In the analogous case of verb agreement, which you summarize, several usage guides agree with you, Bryan Garner (Garner's Modern Usage) among them (p. 623), that when there's a difference in number, the more proximal noun phrase determines the verb form. (By the way, neither deal with this issue directly.) Yet I found an interesting note in Pam Peters's The Cambridge Guide to English Usage that might help here. This is under the entry for neither, p. 370:

Questions of agreement also come up when neither is paired up with nor as a correlative conjunction. Again the traditional view was that the following verb [with both subjects in singular] should be singular, and yet research for the Longman Grammar (1999) shows that the use of a plural verb is quite common. In fact singular and plural agreement have slightly different effects.

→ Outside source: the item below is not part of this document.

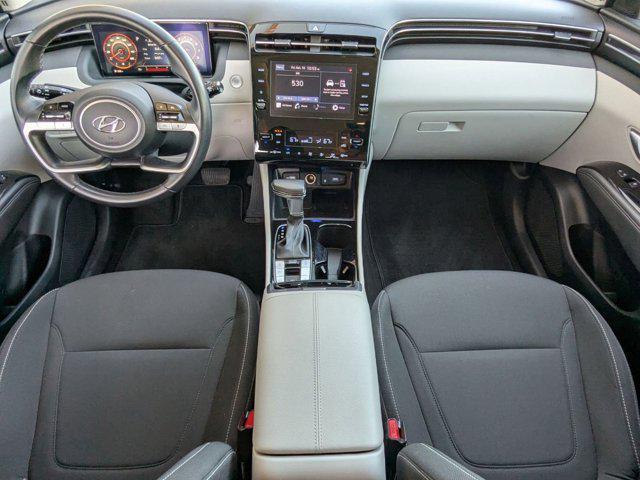 used 2022 Hyundai Tucson car, priced at $22,995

Compare: N either director nor producer has much experience.

N either director nor producer have much experience.

The singular verb seems to particularize while the plural one generalizes.

A similar observation would apply to the pronouns. Using a singular pronoun particularizes, or puts the focus on the difference between each of their bests. So unless the person means to say they both feel her best or they both feel my best, such a usage doesn't make sense here. A hypothetical usage could be formed out of modifying 2 to reflect this particularization, though the result is awkward:

2a. Neither my friend nor I feel her or my best in the morning.

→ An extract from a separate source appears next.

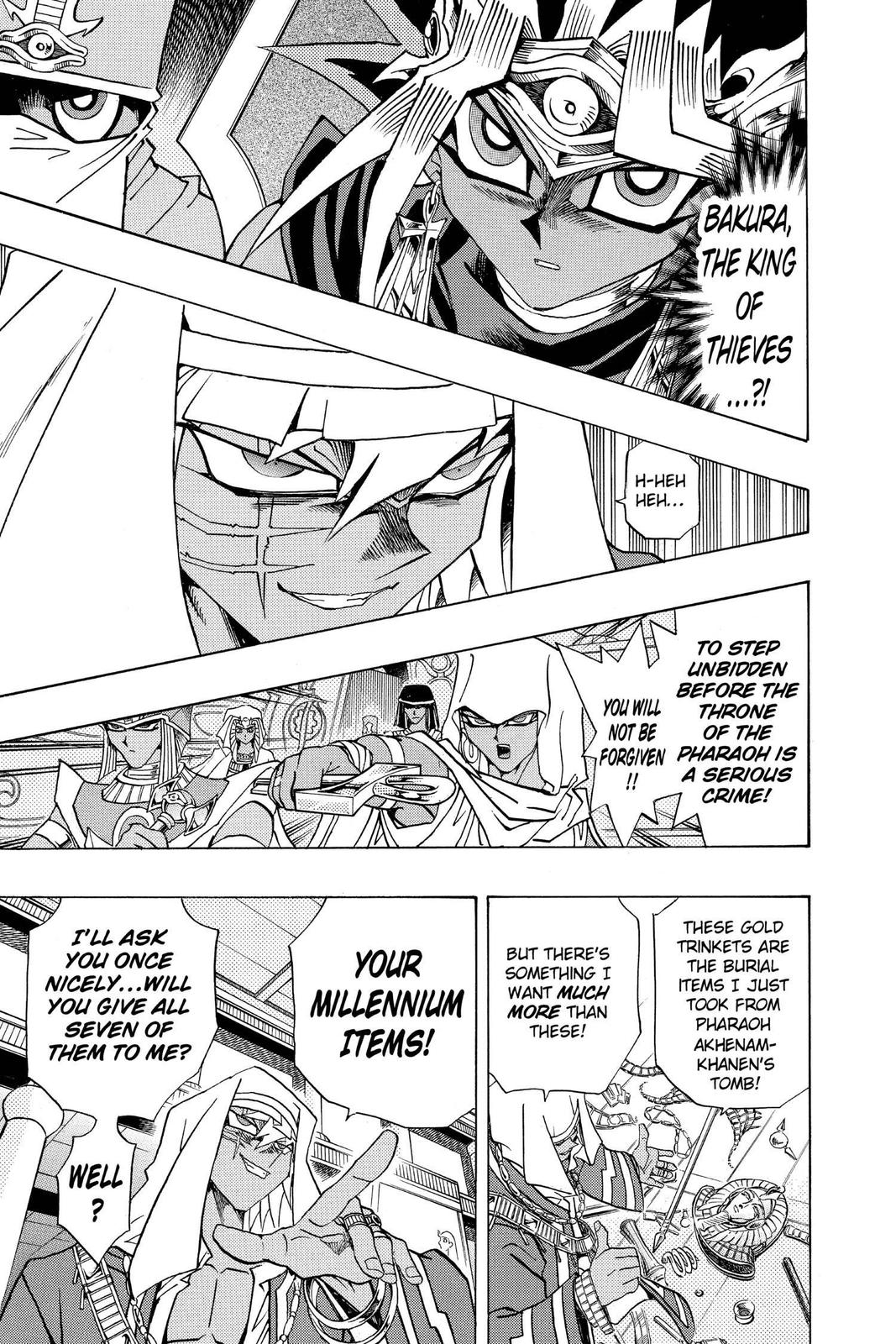 Yu-Gi-Oh! Millennium World Chapter 7 page 9 - Chapter 7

Using a plural possessive pronoun generalizes - our best - for the sake of simplicity, even when it may be obvious that her best and my best wouldn't be identical. Even so, her best and my best would not usually differ in a crucial way (e.g. her best is manageable pain, and my best is ecstatic joy), so emphasizing the difference matters less:

  1. Neither my friend nor I feel our best in the morning.

While this usage is rare, I've found at least one example of 3 in a web search:

“The truth is, neither Artie nor I feel our lives rise and fall on hit albums or flop albums,” said Simon. ("Simon and Garfunkel: Class Reunion," Rolling Stone, 18 March 1982)

I have found none of 2a.


Here are a few supplementary examples gleaned from a Corpus of Contemporary American English search, skimmed from relevant results for a collocation search, "nor _nn" (nor NOUN) with an _appge (possessive pronoun) up to four words after. These examples refer to both subjects in a plural possessive pronoun, their, conforming most closely to 3:

Neither Mother nor Father really knew their three little girls. (Helen, by Libby Sommer)

Neither Poppy nor Rose could keep their stories straight on how they'd met. ("All the Way Down" by Kris Saknussemm, in The Antioch Review, 68.4, 2010)

Clearly, neither Carey nor Cannon, her second husband (she was married early in her career to Tommy Mottola, then chief of Sony Music, her record company at the time), is reluctant to advertise their domestic beatitude. (Elysa Gardner, "Mariah finds herself in a happy place: Singer's pleased with her album, movie, and marriage." USA Today, 25 September 2009.)

I did find one exception, but this may prove the pattern:

Neither Kate Kane nor Batwoman ever acknowledges her sexuality, but there are certainly enough clues: (Misha Davenport, "Call me ... A bat for the other team." Chicago Sun-Times, 18 July 2006.)

Kate Kane and Batwoman are two names for the same woman, so her refers to both without difficulty.